So, Gender Reveal Parties are Proving to be More Problematic than Celebratory—Here’s Why

Stage & Performing Arts

Fact. We all know that it is easy to get overly thrilled and excited when you’re a soon-to-be-parent. Every waking moment seems like an excellent reason to celebrate. It’s expected, especially during a toddler’s one-year-old milestone going through a lot of firsts. But this reveal party trend happens before they’re out in the world of conformity.

Many expectant parents gather friends and family, sharing the thrill of announcing whether it’s a baby boy or a baby girl. Not only are the announcements getting outlandish, but critics and studies say that this gender construct reinforces stereotypes to this over-celebration of life to an unborn child.

Jenna Karvunidis, the woman who popularized gender-reveal parties, a decade later, ironically expressed deep regret that the themed-event she “invented” has unfolded into something that limits a child’s self-discovery.

“Assigning focus on gender at birth leaves out so much of their potential and talents that have nothing to do with what’s between their legs.” Karvunidis posted on her Facebook account, denouncing the concept after her 10-year-old came out as nonbinary.

Forward to 2020, and the trend didn’t seem to fade and has continued to grow and gain popularity, especially in the competitive space that is the internet. The influx of people throwing over-the-top gender-reveals, in an attempt to raise the ante, has resulted in numerous incident reports of wildfires and at least one person killed—a deadly stunt.

What started as balloons, confetti, and cutting into a cake filled with colored-icing took an odd turn to fire hazard contraptions and homemade pipe bombs packed with explosives for colored smoke—taking a dark shift from pink or blue to the smoke-filled sky in orange. More and more, they are turning this colorful celebration at the cost of their safety.

To condemn these over-the-top displays, as more gender reveal parties have led to property damages, Karvunidis pleaded on her page, “Stop it. Stop having these stupid parties… For the love of God, stop burning things down to tell everyone about your kid’s penis. No one cares but you,” she wrote.

Dangers aside, there’s more of this that makes it problematic. Let’s start with the name. Let it be known that sex is not gender. While sex can be determined biologically, you cannot presume how your unborn child will identify oneself.
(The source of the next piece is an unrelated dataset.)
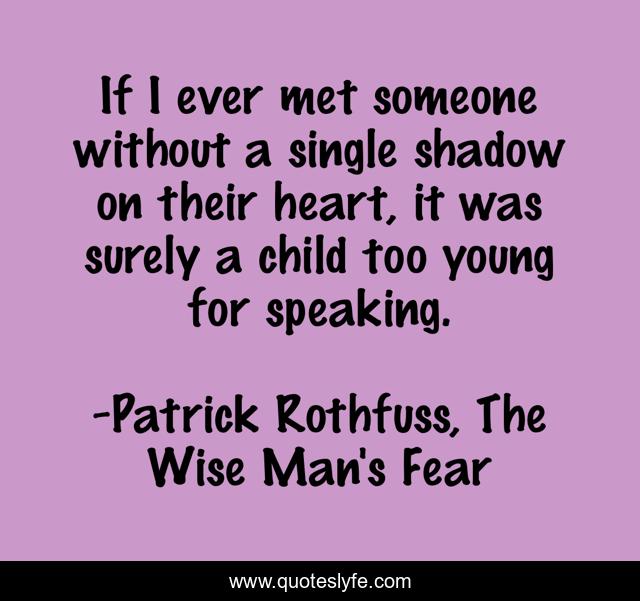 If I ever met someone without a single shadow on their heart, it was surely a child too young for speaking.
Carly Gieseler, in his gender study, breaks it down: “It allows adults to recuperate what they have learned from their gendered constructions, re-inscribing expectations and assumptions onto the unwritten body of the unborn and propelling these ideals into the digital, social, public world.”

However, calling it a “sex reveal party” just doesn’t sound appropriate nor does “genitals party”. But is it essential to enforce gender roles onto children even before they start to breathe?

True, we now live in a world where we should just allow people to have fun. And while these parties are well-intentioned, we have to be careful about some underlying factors that could hurt not only the people and things around you but your child’s mental health in the future as well. Would you want your child carrying the idea that the person their parents celebrated isn’t the same person they initially wanted? Let kids be kids and allow them the freedom to come to terms with whatever they might identify as.